The world we know is progressively becoming more and more globalized. International trade, innovative technologies, accessibility of information and possibility to travel are creating numerous possibilities for both developing and developed countries. Globalization has made this world more interconnected and integrated than ever before. Every day, economical, social and cultural cooperation between nations is becoming easier and faster. It has dramatically accelerated the movement of goods, capital, ideas and services across the borders of different countries (Globalization easily explained. Explainer video, 2013).
Globalization has significantly affected the business perspective of many American companies by expanding markets. Corporations that were previously selling their goods exclusively in the Unites States are now able to trade their products internationally. Until the beginning of 1990s, the majority of American companies produced their goods domestically. However, when the markets of the People’s Republic of China became opened to the rest of the world, the US businesses have gained a possibility to take advantage of the far cheaper labor force. This phenomenon is referred to as outsourcing. Cheaper labor has significantly decreased the costs of produced goods and, in turn, contributed to larger profits of American companies (Parry, 2001).
Outsourcing has made American companies more competitive in the international marketplace and positively affected people in other countries through creating new jobs. Between 1991 and 2000, the U.S. companies have created approximately 3 million jobs in other countries. In addition, contrary to a common opinion that outsourcing increases domestic unemployment, they also created about 5 million jobs for Americans (Parry, 2001). These figures show that a job created overseas does not necessarily mean one is not created in the United States. Expanding a network in an overseas country often involves hiring more employees in the U.S too – managers, experts in logistics, IT, and R&D.

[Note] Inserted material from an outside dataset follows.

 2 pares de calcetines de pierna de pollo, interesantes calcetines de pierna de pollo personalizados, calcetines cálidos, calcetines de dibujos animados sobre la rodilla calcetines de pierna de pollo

However, globalization has had its adverse affects, as well. One of them is the increasing income inequality, particularly observed in developing countries. Several recently conducted studies confirm that states, rapidly integrating with the world economy, are experiencing an increasing gap between poor and rich population. However, the rates of economic growth in these countries are extremely high, which subsequently decreases the number of people living in poverty (Hansen, 2011).